Globs are gitignore-style and matched against paths relative to the config file.
Run in CI
deslop exits 0 regardless of how much duplication it finds — unless you opt into a gate. Then it exits 3 when the repo-wide duplication_percent exceeds your ceiling. Two ways; the flag wins over the config key:
deslop . --fail-over 5.0 # exit 3 when duplication_percent > 5.0
# .deslop.toml — shared by local runs, CI, and agents
[threshold]
max_duplication_percent = 5.0
--fail-over 0 fails on any duplication. --no-fail-over clears the gate for a single local run. The value must be a finite number in [0.0, 100.0]; anything else exits 2.
Exit codes
| Code | Meaning |
|---|---|
0 |
Succeeded; within threshold, or no threshold set. |
1 |
Runtime error — bad scan path, parse/I-O failure, or an unreachable required embedding provider. Never a panic. |
2 |
Usage error — unknown flag, or an out-of-range / non-finite threshold. |
3 |
Threshold breached. The full report is still written to disk so the offenders can be surfaced. |
GitHub Actions
name: deslop
on: [push, pull_request]
jobs:
duplication-gate:
runs-on: ubuntu-latest
env:
DESLOP_VERSION: "0.1.0" # pin the tool version — see the Releases page
steps:
- uses: actions/checkout@v4
- name: Install the Deslop CLI
run: |
curl -sSfL "https://github.com/Nimblesite/Deslop/releases/download/v${DESLOP_VERSION}/deslop-${DESLOP_VERSION}-linux-x64.tar.gz" | tar -xz
echo "$PWD/deslop-${DESLOP_VERSION}-linux-x64" >> "$GITHUB_PATH"

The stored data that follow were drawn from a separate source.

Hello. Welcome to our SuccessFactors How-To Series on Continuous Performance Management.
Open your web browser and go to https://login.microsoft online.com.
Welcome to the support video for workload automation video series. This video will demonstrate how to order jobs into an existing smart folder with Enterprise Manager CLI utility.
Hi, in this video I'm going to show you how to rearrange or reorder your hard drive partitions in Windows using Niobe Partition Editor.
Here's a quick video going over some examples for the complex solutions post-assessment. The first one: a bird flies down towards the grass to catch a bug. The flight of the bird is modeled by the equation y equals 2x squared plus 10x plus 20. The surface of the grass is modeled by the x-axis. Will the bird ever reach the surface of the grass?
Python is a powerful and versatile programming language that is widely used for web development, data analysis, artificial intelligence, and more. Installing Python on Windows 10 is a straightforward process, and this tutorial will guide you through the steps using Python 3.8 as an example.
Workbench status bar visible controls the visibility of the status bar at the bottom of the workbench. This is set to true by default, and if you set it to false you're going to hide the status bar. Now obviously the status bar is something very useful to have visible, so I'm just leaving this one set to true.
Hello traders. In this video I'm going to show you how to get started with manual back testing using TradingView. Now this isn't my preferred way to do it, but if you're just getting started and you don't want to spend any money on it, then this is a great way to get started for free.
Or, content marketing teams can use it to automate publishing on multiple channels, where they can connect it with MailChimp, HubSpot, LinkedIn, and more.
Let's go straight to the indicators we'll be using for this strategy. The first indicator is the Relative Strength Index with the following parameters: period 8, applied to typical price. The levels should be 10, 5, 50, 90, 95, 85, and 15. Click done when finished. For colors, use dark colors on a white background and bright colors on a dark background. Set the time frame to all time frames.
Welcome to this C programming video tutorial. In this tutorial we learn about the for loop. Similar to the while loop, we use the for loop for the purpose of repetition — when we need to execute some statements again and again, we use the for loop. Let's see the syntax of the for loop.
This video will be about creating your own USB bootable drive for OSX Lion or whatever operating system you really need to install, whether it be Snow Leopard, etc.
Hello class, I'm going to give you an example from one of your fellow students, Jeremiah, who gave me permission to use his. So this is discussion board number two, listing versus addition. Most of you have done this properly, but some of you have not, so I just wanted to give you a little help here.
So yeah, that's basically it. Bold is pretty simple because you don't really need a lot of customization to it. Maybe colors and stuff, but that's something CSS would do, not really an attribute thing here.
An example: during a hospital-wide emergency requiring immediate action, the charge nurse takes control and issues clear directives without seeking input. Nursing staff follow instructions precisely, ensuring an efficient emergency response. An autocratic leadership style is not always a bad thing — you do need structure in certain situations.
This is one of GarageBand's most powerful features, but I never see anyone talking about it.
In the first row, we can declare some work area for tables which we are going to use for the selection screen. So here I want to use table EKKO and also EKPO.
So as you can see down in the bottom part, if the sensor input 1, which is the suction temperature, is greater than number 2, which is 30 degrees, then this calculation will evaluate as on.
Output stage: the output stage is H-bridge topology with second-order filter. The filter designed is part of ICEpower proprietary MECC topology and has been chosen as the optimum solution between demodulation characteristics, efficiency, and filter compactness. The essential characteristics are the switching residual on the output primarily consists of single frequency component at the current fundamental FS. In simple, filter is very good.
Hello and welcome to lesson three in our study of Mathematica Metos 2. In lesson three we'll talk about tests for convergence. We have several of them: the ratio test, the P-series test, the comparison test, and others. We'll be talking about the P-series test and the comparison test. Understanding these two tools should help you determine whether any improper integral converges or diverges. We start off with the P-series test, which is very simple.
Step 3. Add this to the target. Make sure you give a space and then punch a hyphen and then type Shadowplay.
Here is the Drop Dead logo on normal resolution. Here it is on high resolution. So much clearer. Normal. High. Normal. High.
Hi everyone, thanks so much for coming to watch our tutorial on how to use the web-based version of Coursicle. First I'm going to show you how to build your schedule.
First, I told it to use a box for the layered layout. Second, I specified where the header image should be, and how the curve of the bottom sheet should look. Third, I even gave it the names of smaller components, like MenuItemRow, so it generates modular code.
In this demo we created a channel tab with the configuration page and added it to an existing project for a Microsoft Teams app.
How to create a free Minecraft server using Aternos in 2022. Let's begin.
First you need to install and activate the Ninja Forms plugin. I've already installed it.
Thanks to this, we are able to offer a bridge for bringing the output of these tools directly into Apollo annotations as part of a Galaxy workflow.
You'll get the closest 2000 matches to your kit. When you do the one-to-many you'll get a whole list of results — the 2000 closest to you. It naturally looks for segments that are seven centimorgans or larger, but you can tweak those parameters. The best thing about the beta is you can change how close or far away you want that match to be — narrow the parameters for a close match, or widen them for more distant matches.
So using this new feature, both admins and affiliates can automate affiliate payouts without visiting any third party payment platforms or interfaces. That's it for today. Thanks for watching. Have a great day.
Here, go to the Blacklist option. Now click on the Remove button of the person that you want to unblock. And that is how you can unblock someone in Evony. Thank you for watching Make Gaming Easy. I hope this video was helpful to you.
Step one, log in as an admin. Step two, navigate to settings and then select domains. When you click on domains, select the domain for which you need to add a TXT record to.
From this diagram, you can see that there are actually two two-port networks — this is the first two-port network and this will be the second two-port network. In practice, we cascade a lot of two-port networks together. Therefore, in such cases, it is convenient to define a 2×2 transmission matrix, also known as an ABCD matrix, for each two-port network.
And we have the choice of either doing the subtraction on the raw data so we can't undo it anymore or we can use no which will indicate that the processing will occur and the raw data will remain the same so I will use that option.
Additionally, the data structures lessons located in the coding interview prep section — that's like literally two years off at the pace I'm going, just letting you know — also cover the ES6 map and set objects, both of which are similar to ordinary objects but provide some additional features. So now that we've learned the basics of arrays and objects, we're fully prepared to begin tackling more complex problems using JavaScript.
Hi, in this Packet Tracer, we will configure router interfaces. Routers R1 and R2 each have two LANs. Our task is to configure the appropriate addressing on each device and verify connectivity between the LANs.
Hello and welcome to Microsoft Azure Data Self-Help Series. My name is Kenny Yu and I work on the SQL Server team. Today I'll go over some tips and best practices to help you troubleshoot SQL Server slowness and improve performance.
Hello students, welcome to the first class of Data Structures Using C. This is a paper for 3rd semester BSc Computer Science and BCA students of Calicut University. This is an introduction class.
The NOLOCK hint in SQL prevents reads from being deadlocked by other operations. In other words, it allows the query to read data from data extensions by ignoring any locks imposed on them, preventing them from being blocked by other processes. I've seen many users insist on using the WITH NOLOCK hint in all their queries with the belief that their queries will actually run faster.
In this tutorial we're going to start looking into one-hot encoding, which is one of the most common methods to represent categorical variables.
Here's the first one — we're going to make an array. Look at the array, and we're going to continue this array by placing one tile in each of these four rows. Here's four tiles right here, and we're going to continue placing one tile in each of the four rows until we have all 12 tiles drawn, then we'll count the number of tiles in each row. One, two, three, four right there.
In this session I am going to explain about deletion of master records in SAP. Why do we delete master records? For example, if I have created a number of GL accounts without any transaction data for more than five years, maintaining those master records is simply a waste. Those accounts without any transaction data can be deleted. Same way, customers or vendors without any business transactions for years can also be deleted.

- name: Gate on duplication
run: deslop . --fail-over 5.0 # or omit --fail-over to use [threshold] in .deslop.toml
- uses: actions/upload-artifact@v4
if: always()
with:
name: deslop-report
path: deslop-report.html
A non-zero exit fails the step. The if: always() upload keeps deslop-report.html even on a breach so a human can browse the offenders.
Read the reports
deslop-report.json is canonical and the only file you should parse — .txt and .html are renderers over it. Call schema-doc once for the authoritative schema, and see Output Formats for the full shape. The decision-relevant slice:
{
"metrics": {
"duplication_percent": 2.63,
"threshold": { "percent": 5.0, "breached": false, "source": "config" }
},
"clusters": [
{
"id": "0362505641efe3c7",
"weight": 1252.8,
"size": 3,
"bucket": "identical",
"signals": { "structural": 1.0, "token_jaccard": 0.98, "embedding_cos": 0.0, "fused": 0.99 },
"occurrences": [ { "path": "src/UserRepository.cs", "start_line": 12, "end_line": 41, "hidden": false } ],
"summary": "3 near-identical copies — safe to extract."
}
]
}
| Field | How to act on it |
|---|---|
metrics.duplication_percent |
The repo-wide headline number the CI gate compares against. |
metrics.threshold.breached |
true → the run exited 3 and the gate failed. source is cli, config, or none. |
clusters |
Sorted by weight descending — clusters[0] is always the worst offender. Work top-down. |
bucket |
identical / nearly_identical → extract a shared definition. loosely_similar → parametrise the difference. same_behavior → reconcile two implementations of one behaviour (needs --embeddings). |
signals.fused |
Unit-bounded confidence. ≥ 0.85 is the act-now line, the same threshold as the find-similar law above. |
occurrences[].hidden |
true marks a report_hide match — a hand-written clone of generated code. |
Do not silence findings by widening the threshold, marking code hidden, or splitting it into trivially different shapes. If Deslop flags it, treat it as a real signal until you have shown otherwise.